Goal of the exercise |
Exact reproduction of the following data is required.

┄┄┄┄┄┄┄┄┄┄

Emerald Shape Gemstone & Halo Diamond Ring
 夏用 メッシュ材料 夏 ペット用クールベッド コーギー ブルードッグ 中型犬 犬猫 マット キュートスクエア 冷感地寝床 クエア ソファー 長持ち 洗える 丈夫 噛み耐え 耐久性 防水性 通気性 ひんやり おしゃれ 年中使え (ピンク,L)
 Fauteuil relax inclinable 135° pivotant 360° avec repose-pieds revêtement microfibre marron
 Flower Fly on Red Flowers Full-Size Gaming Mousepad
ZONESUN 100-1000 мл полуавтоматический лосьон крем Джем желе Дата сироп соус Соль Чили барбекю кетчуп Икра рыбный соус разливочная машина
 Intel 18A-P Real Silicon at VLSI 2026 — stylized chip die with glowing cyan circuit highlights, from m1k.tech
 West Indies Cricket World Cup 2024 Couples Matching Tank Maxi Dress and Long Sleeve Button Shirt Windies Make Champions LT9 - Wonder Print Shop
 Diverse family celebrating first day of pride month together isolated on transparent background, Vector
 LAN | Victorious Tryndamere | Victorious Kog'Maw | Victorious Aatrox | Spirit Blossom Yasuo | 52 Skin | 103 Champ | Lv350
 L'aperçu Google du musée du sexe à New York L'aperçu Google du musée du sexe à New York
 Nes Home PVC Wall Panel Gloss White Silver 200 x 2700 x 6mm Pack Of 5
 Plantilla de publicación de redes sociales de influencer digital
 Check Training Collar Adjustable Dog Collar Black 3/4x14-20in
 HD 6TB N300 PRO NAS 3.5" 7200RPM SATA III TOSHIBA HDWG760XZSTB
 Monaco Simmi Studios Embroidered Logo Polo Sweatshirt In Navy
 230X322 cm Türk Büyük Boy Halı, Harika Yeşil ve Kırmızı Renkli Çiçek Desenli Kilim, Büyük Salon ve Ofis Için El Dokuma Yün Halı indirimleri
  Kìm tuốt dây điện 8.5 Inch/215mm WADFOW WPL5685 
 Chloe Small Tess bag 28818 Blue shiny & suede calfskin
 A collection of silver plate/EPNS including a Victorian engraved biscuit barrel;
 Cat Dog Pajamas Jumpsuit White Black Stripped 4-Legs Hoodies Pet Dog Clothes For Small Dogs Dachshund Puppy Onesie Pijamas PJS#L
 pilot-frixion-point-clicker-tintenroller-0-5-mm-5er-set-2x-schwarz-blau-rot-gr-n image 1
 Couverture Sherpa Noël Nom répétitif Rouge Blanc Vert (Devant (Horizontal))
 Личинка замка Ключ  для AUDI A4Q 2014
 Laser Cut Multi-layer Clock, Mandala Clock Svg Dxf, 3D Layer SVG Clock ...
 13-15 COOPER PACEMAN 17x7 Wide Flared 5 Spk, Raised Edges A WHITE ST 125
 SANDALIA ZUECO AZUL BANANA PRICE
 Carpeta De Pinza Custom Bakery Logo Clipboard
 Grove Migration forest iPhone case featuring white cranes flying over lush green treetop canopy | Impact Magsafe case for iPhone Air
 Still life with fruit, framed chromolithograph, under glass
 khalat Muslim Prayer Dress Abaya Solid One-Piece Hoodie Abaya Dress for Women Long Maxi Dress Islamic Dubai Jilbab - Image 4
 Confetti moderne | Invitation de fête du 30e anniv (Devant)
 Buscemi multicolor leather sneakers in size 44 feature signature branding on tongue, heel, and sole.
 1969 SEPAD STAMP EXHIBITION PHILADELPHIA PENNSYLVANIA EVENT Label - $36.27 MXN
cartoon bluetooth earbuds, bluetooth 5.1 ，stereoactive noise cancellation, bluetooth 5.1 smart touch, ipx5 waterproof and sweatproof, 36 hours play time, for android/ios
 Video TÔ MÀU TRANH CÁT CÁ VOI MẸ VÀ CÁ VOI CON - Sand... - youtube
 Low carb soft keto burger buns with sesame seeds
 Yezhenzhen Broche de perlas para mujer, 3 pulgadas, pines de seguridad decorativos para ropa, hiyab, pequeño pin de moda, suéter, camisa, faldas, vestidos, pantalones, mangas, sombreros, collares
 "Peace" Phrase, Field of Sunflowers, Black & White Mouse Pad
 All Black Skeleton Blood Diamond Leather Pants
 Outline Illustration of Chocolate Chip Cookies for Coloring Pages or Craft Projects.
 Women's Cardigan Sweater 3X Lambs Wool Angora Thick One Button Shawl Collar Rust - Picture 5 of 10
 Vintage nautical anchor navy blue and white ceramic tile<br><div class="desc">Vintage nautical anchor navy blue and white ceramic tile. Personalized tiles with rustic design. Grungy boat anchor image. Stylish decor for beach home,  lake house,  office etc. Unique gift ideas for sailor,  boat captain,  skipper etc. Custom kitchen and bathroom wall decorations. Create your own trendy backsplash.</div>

┄┄┄┄┄┄┄┄┄┄

Answer space |
Emerald Shape Gemstone & Halo Diamond Ring
 夏用 メッシュ材料 夏 ペット用クールベッド コーギー ブルードッグ 中型犬 犬猫 マット キュートスクエア 冷感地寝床 クエア ソファー 長持ち 洗える 丈夫 噛み耐え 耐久性 防水性 通気性 ひんやり おしゃれ 年中使え (ピンク,L)
 Fauteuil relax inclinable 135° pivotant 360° avec repose-pieds revêtement microfibre marron
 Flower Fly on Red Flowers Full-Size Gaming Mousepad
ZONESUN 100-1000 мл полуавтоматический лосьон крем Джем желе Дата сироп соус Соль Чили барбекю кетчуп Икра рыбный соус разливочная машина
 Intel 18A-P Real Silicon at VLSI 2026 — stylized chip die with glowing cyan circuit highlights, from m1k.tech
 West Indies Cricket World Cup 2024 Couples Matching Tank Maxi Dress and Long Sleeve Button Shirt Windies Make Champions LT9 - Wonder Print Shop
 Diverse family celebrating first day of pride month together isolated on transparent background, Vector
 LAN | Victorious Tryndamere | Victorious Kog'Maw | Victorious Aatrox | Spirit Blossom Yasuo | 52 Skin | 103 Champ | Lv350
 L'aperçu Google du musée du sexe à New York L'aperçu Google du musée du sexe à New York
 Nes Home PVC Wall Panel Gloss White Silver 200 x 2700 x 6mm Pack Of 5
 Plantilla de publicación de redes sociales de influencer digital
 Check Training Collar Adjustable Dog Collar Black 3/4x14-20in
 HD 6TB N300 PRO NAS 3.5" 7200RPM SATA III TOSHIBA HDWG760XZSTB
 Monaco Simmi Studios Embroidered Logo Polo Sweatshirt In Navy
 230X322 cm Türk Büyük Boy Halı, Harika Yeşil ve Kırmızı Renkli Çiçek Desenli Kilim, Büyük Salon ve Ofis Için El Dokuma Yün Halı indirimleri
  Kìm tuốt dây điện 8.5 Inch/215mm WADFOW WPL5685 
 Chloe Small Tess bag 28818 Blue shiny & suede calfskin
 A collection of silver plate/EPNS including a Victorian engraved biscuit barrel;
 Cat Dog Pajamas Jumpsuit White Black Stripped 4-Legs Hoodies Pet Dog Clothes For Small Dogs Dachshund Puppy Onesie Pijamas PJS#L
 pilot-frixion-point-clicker-tintenroller-0-5-mm-5er-set-2x-schwarz-blau-rot-gr-n image 1
 Couverture Sherpa Noël Nom répétitif Rouge Blanc Vert (Devant (Horizontal))
 Личинка замка Ключ  для AUDI A4Q 2014
 Laser Cut Multi-layer Clock, Mandala Clock Svg Dxf, 3D Layer SVG Clock ...
 13-15 COOPER PACEMAN 17x7 Wide Flared 5 Spk, Raised Edges A WHITE ST 125
 SANDALIA ZUECO AZUL BANANA PRICE
 Carpeta De Pinza Custom Bakery Logo Clipboard
 Grove Migration forest iPhone case featuring white cranes flying over lush green treetop canopy | Impact Magsafe case for iPhone Air
 Still life with fruit, framed chromolithograph, under glass
 khalat Muslim Prayer Dress Abaya Solid One-Piece Hoodie Abaya Dress for Women Long Maxi Dress Islamic Dubai Jilbab - Image 4
 Confetti moderne | Invitation de fête du 30e anniv (Devant)
 Buscemi multicolor leather sneakers in size 44 feature signature branding on tongue, heel, and sole.
 1969 SEPAD STAMP EXHIBITION PHILADELPHIA PENNSYLVANIA EVENT Label - $36.27 MXN
cartoon bluetooth earbuds, bluetooth 5.1 ，stereoactive noise cancellation, bluetooth 5.1 smart touch, ipx5 waterproof and sweatproof, 36 hours play time, for android/ios
 Video TÔ MÀU TRANH CÁT CÁ VOI MẸ VÀ CÁ VOI CON - Sand... - youtube
 Low carb soft keto burger buns with sesame seeds
 Yezhenzhen Broche de perlas para mujer, 3 pulgadas, pines de seguridad decorativos para ropa, hiyab, pequeño pin de moda, suéter, camisa, faldas, vestidos, pantalones, mangas, sombreros, collares
 "Peace" Phrase, Field of Sunflowers, Black & White Mouse Pad
 All Black Skeleton Blood Diamond Leather Pants
 Outline Illustration of Chocolate Chip Cookies for Coloring Pages or Craft Projects.
 Women's Cardigan Sweater 3X Lambs Wool Angora Thick One Button Shawl Collar Rust - Picture 5 of 10
 Vintage nautical anchor navy blue and white ceramic tile<br><div class="desc">Vintage nautical anchor navy blue and white ceramic tile. Personalized tiles with rustic design. Grungy boat anchor image. Stylish decor for beach home,  lake house,  office etc. Unique gift ideas for sailor,  boat captain,  skipper etc. Custom kitchen and bathroom wall decorations. Create your own trendy backsplash.</div>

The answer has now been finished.